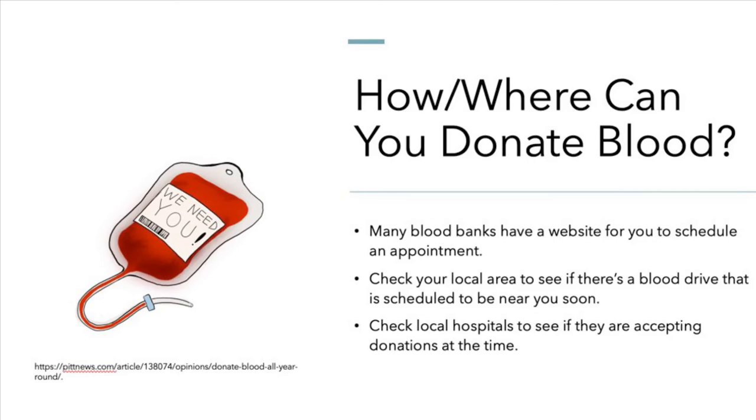The most common excuse for not donating blood is that they are too busy. If you or your loved ones were in need of a blood transfusion, would you want to hear this excuse? Donating blood is safe, easy, and takes less than an hour.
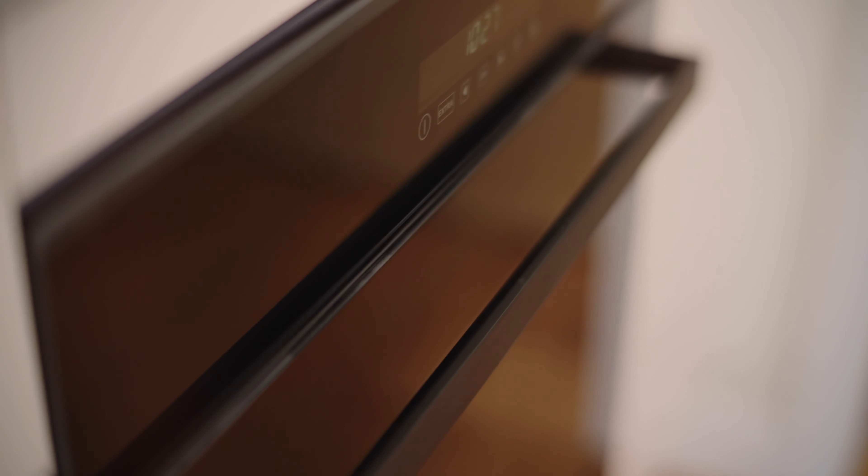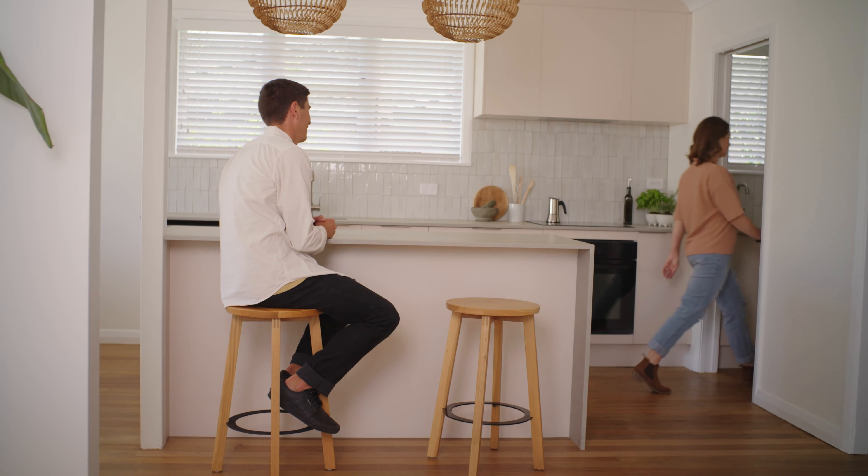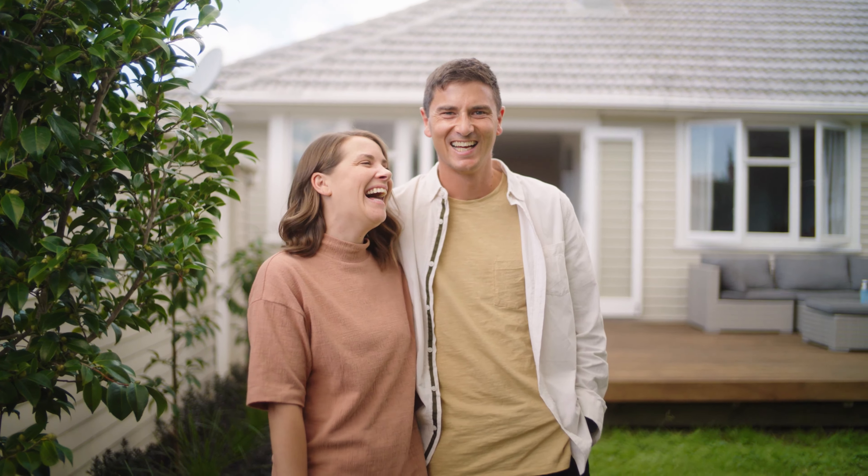Everything about this kitchen — the laundry, the way the appliances all work, the function of the space — everything about it makes me really happy. That should be the way you feel about your home. It should make you feel inspired. It should make you love the home you live in.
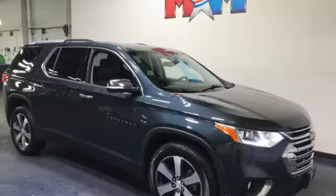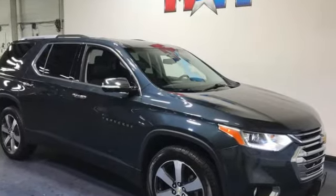Chevy, 100 years of icons. See what it can do when you take it for a test drive.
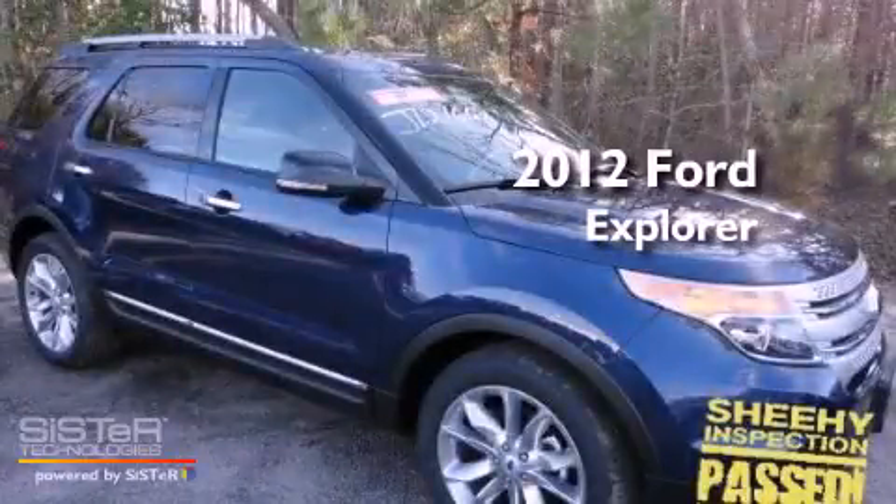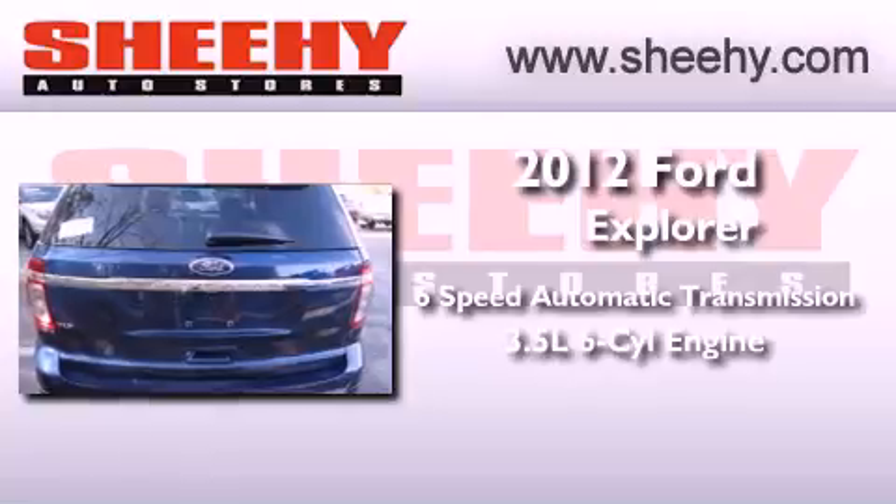This is a brand new 2012 Ford Explorer. This SUV has a 6-speed automatic transmission and a 3.5-liter V6.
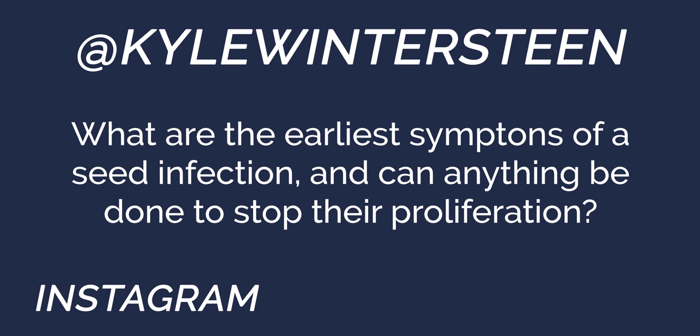Next question from Kyle Winterstein: what are the early symptoms of a seed infection, and can anything be done to stop their proliferation? The early signs are the same as early signs of any infection: number one is fever, and number two is sluggishness or a change in personality — not eating their meal or eating slower. Anything that makes you think 'they seem off' — check their temperature. Fever is the big thing.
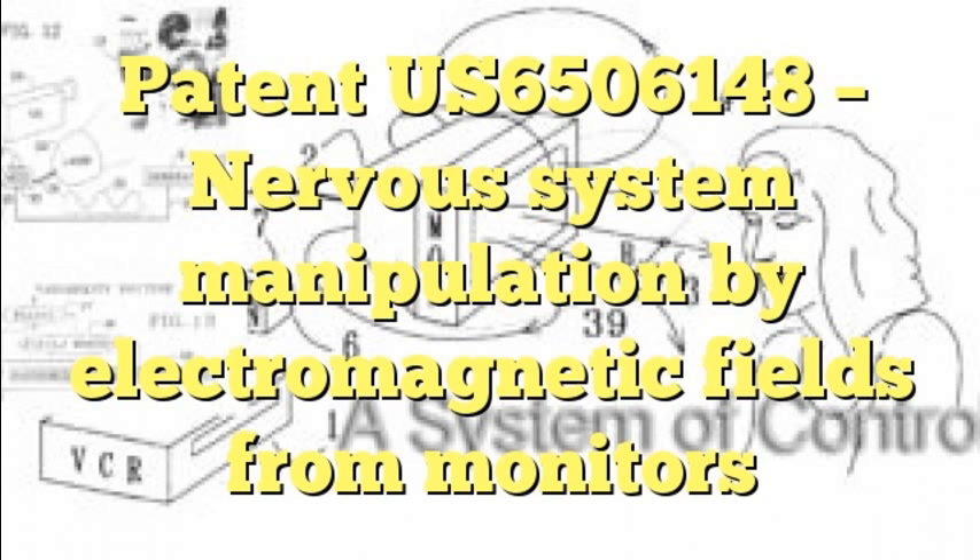Let's have a look at the claims. Claim 1: A method for manipulating the nervous system of a subject located near a monitor. The monitor emitting an electromagnetic field when displaying an image by virtue of the physical display process. The subject having a sensory resonance frequency. The method comprising creating a video signal for displaying an image on the monitor, the image having an intensity, modulating the video signal by pulsing the image intensity with a frequency in the range of 0.1 Hz to 15 Hz and setting the pulse frequency to the resonance frequency.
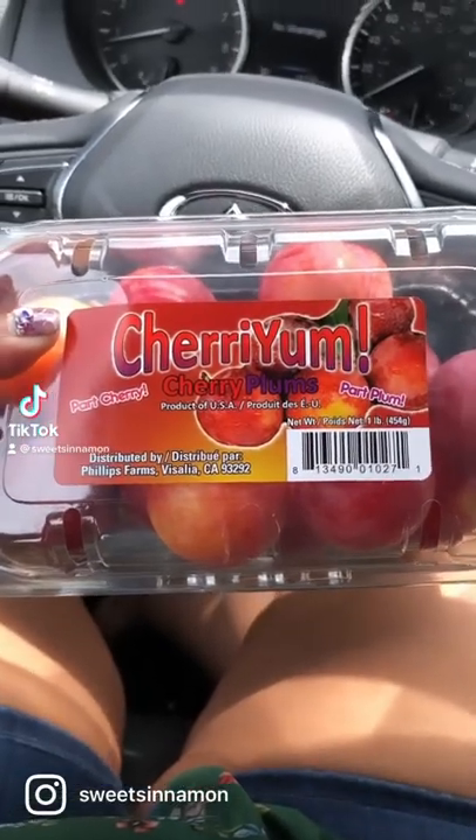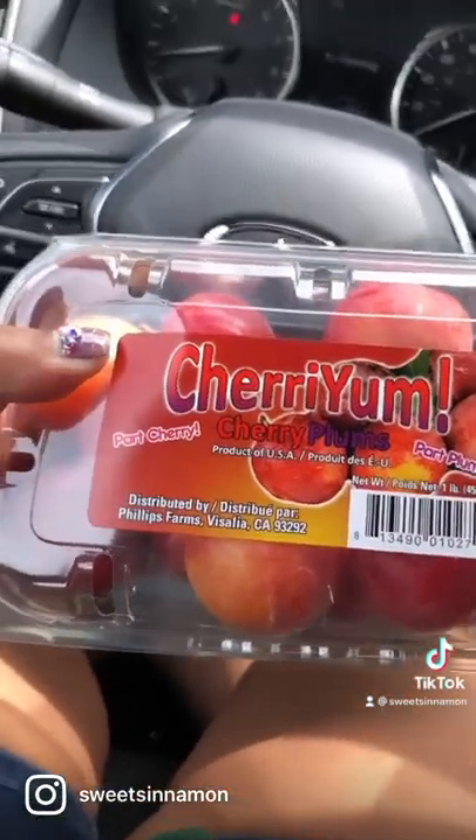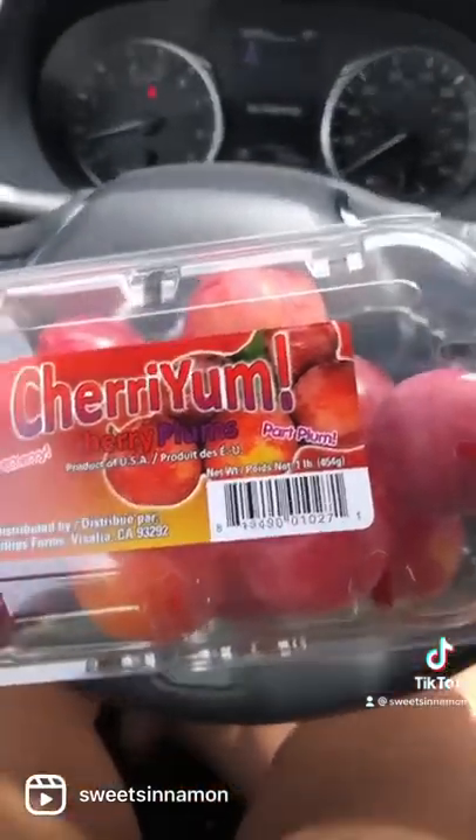So I got these things today. They're called cherry plums. It says it's part cherry and part plum. I'm going to try these out. Look how cute they are. They do kind of look like cherries, but I mean they're cherry plums.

What to do - The records above need to be restated word for word, with the pictures left out.

Task solution -
The most common excuse for not donating blood is that they are too busy. If you or your loved ones were in need of a blood transfusion, would you want to hear this excuse? Donating blood is safe, easy, and takes less than an hour.
Everything about this kitchen — the laundry, the way the appliances all work, the function of the space — everything about it makes me really happy. That should be the way you feel about your home. It should make you feel inspired. It should make you love the home you live in.
Chevy, 100 years of icons. See what it can do when you take it for a test drive.
This is a brand new 2012 Ford Explorer. This SUV has a 6-speed automatic transmission and a 3.5-liter V6.
Next question from Kyle Winterstein: what are the early symptoms of a seed infection, and can anything be done to stop their proliferation? The early signs are the same as early signs of any infection: number one is fever, and number two is sluggishness or a change in personality — not eating their meal or eating slower. Anything that makes you think 'they seem off' — check their temperature. Fever is the big thing.
Let's have a look at the claims. Claim 1: A method for manipulating the nervous system of a subject located near a monitor. The monitor emitting an electromagnetic field when displaying an image by virtue of the physical display process. The subject having a sensory resonance frequency. The method comprising creating a video signal for displaying an image on the monitor, the image having an intensity, modulating the video signal by pulsing the image intensity with a frequency in the range of 0.1 Hz to 15 Hz and setting the pulse frequency to the resonance frequency.
So I got these things today. They're called cherry plums. It says it's part cherry and part plum. I'm going to try these out. Look how cute they are. They do kind of look like cherries, but I mean they're cherry plums.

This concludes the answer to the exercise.